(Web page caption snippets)
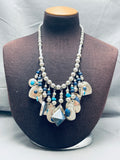The Coolest Vintage Native American Navajo Lapis Sterling Silver Necklace-Nativo Arts
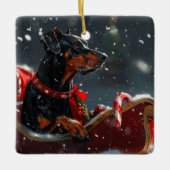 Doberman Hond Kerstfeest Keramisch Ornament (Voorkant)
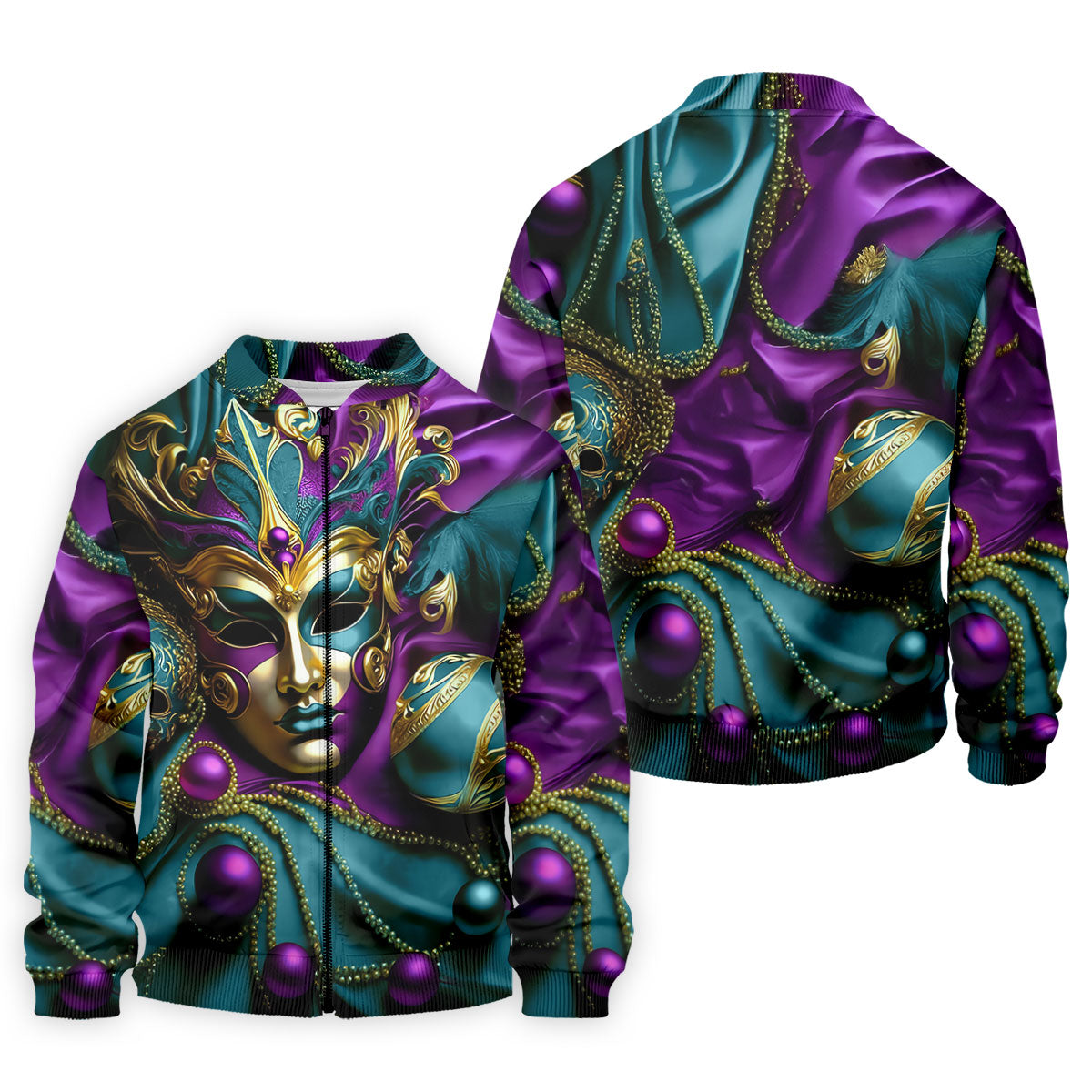Mardi Gras Face Mask Turquoise Golf Shirt, Polo ShirtFor Men, Golf Shirts For Men, Polo For Men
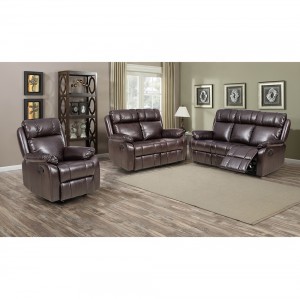 Lving Room Recliner Sofa American Style Recliner Lounge Chair, Sectional Reclining Genuine Leather Sofa Chairs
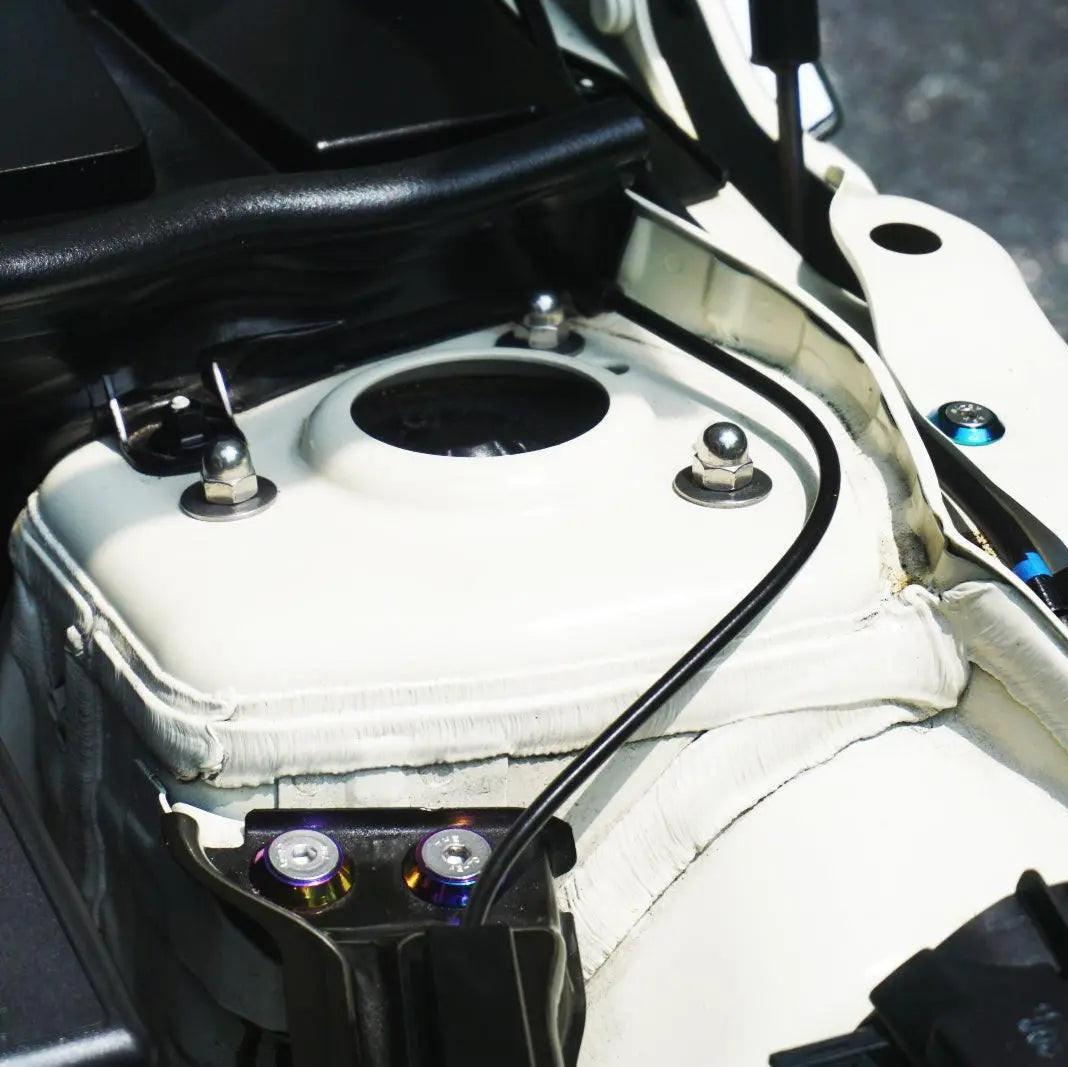 ZSPEC "Stage 3" Dress Up Bolts® fastener kit for 2009-2017 Mini R57 Convertible, stainless steel and billet finish, includes bolts and fasteners.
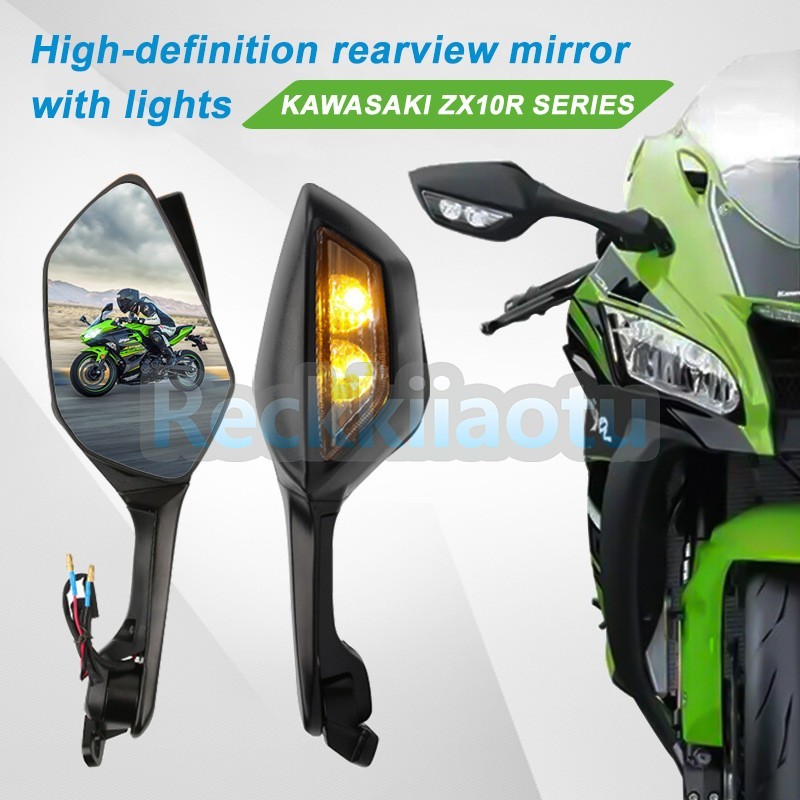 For Kawasaki Ninja ZX10R 2011-15 / H2 2014 2015 Rearview Mirrors LED Turn Signal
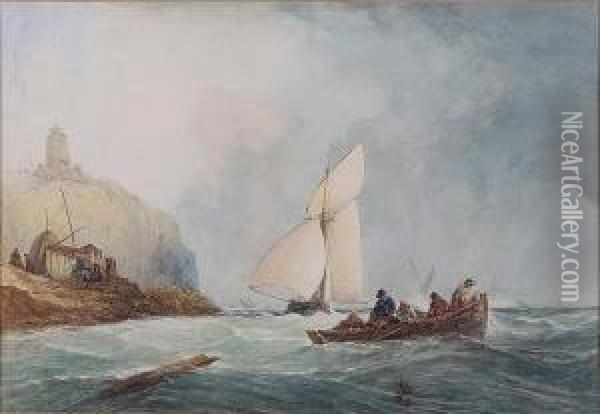 The Amazon Yacht Running Into Harwich, Signedand Indistinctly Dated, Watercolour Oil Painting - John Francis Salmon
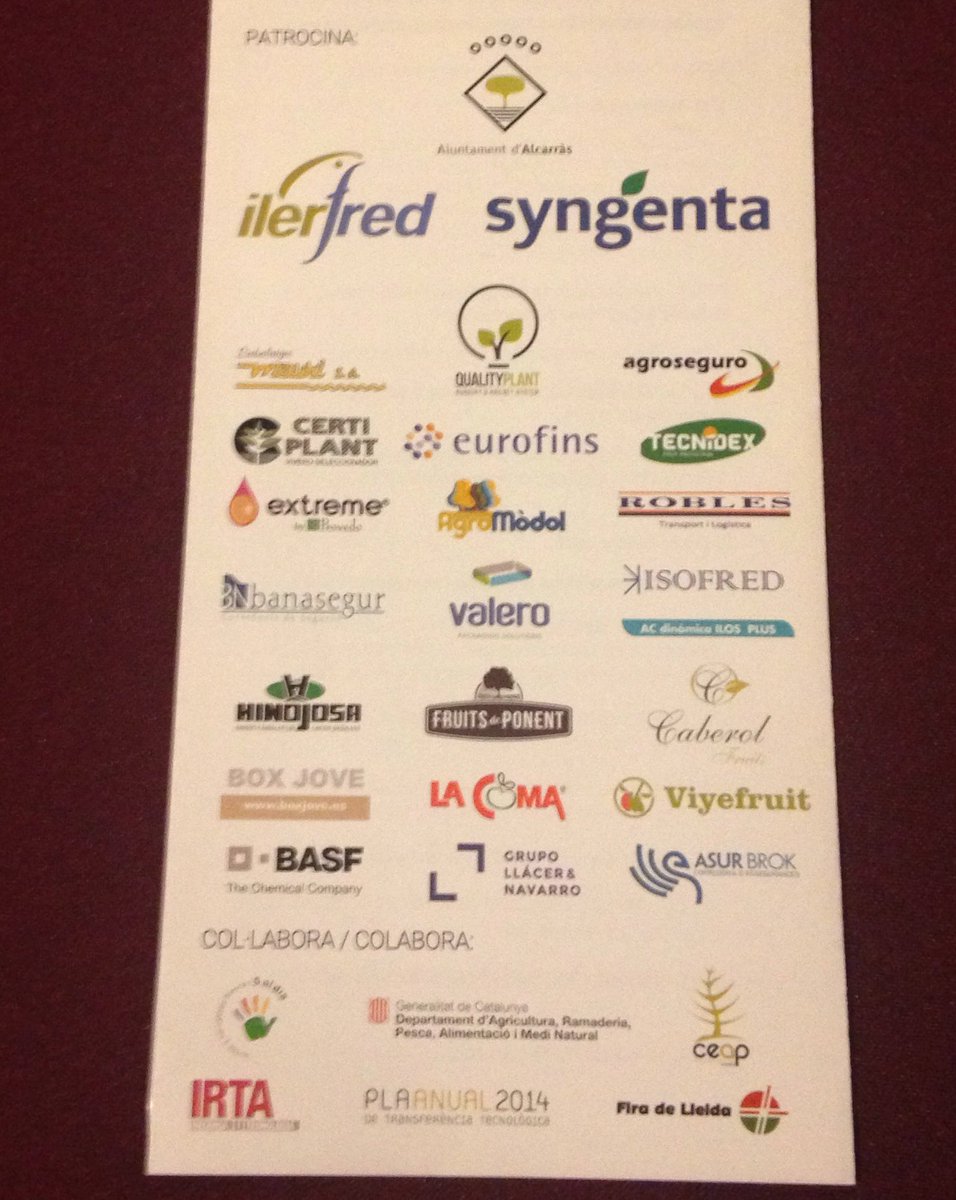 Afrucat's tweet photo. Gràcies @Syngenta #qualityFruit #eurofins #certiplant #provedo #tecnidex #basf #agroseguro #robles #Fòrum2016 https://t.co/6VbhsBCGmJ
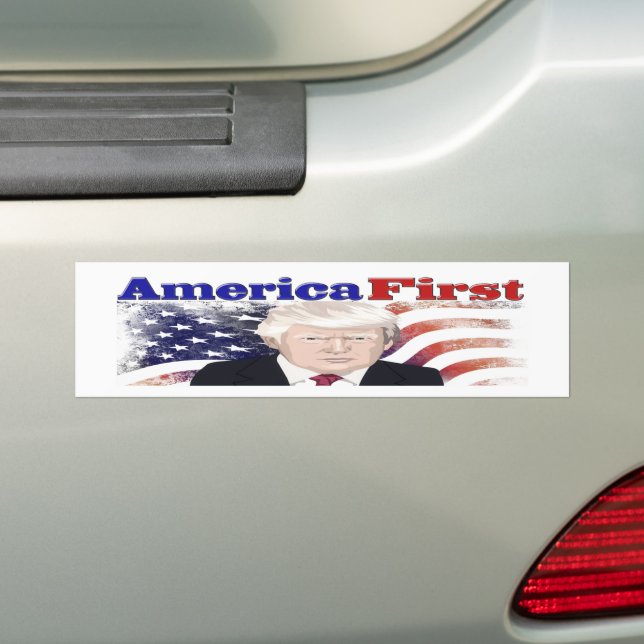 America First Trump stars and stripes Bumper Sticker (On Car)
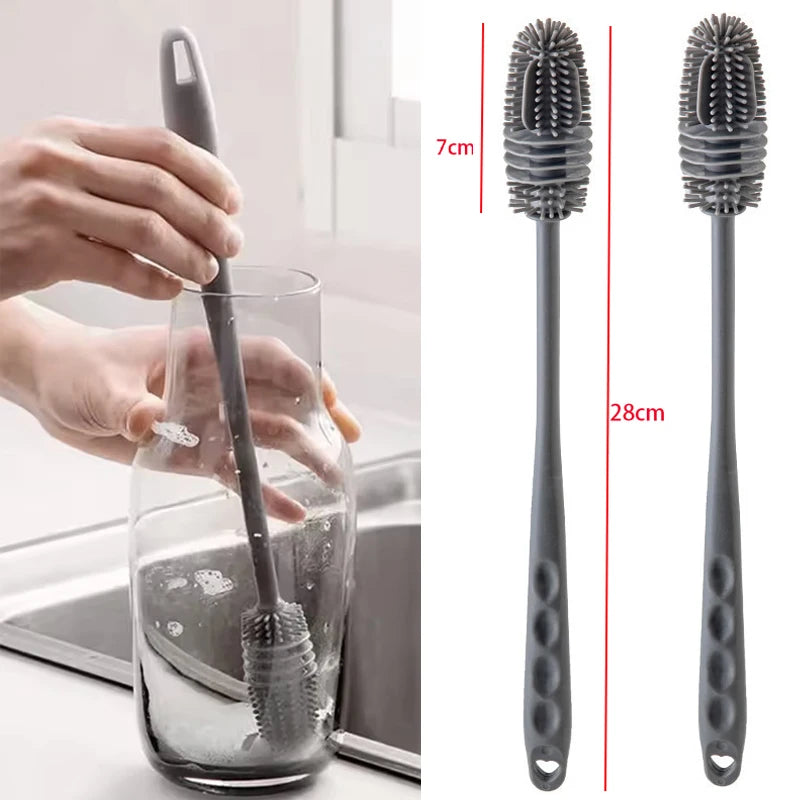 Long Handle Cup Brush,Kitchen Glass Bottle Cleaning Brush,Milk Bottle Tea Cup Scrubber,No-Electricity Required Cleaning Tool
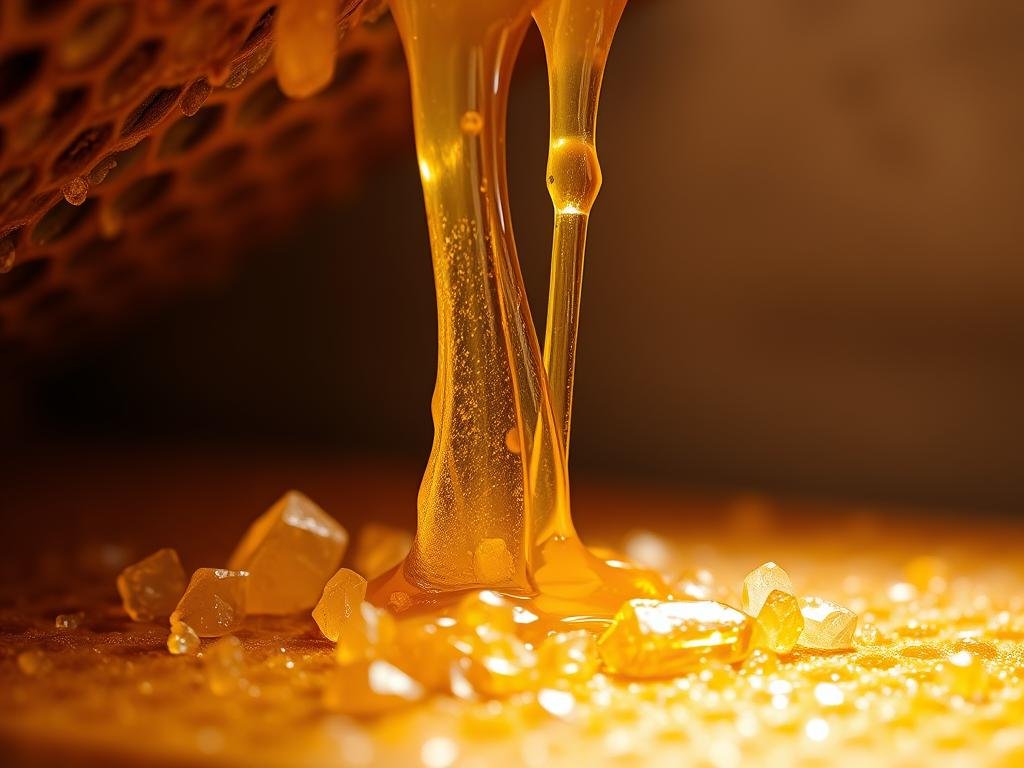 Crystallized honey, a captivating natural phenomenon. A golden cascade of viscous liquid, slowly solidifying into intricate patterns. Apicoltura's hive, bathed in warm, diffused light, reveals the gradual transformation. Faceted crystals, like glistening amber, spread across the surface, creating a mesmerizing texture. The middle ground showcases the interplay of liquid and solid, a dance of viscosity and structure. In the background, a subtle gradient of earthy tones evokes the rustic charm of the Italian countryside. This image beautifully illustrates the natural process of honey crystallization, a testament to the artistry and science within Apicoltura's craft.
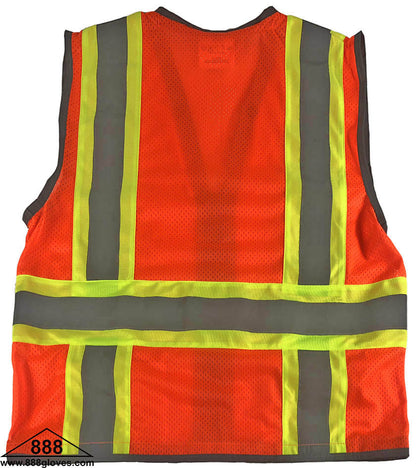 98-2950-O - Safety Vest - Surveyor, Class II Orange Vest, Mesh Front and Back, Mic Tab, Multiple Pockets, 2" Silver Reflector With Green Stripe - Hi Vis Orange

> [Activity] Above, find the line with "America First Trump"; copy it and every line down to the line with "Long Handle Cup", exactly and both included, but no pictures.

> [Response box]
 America First Trump stars and stripes Bumper Sticker (On Car)
 Long Handle Cup Brush,Kitchen Glass Bottle Cleaning Brush,Milk Bottle Tea Cup Scrubber,No-Electricity Required Cleaning Tool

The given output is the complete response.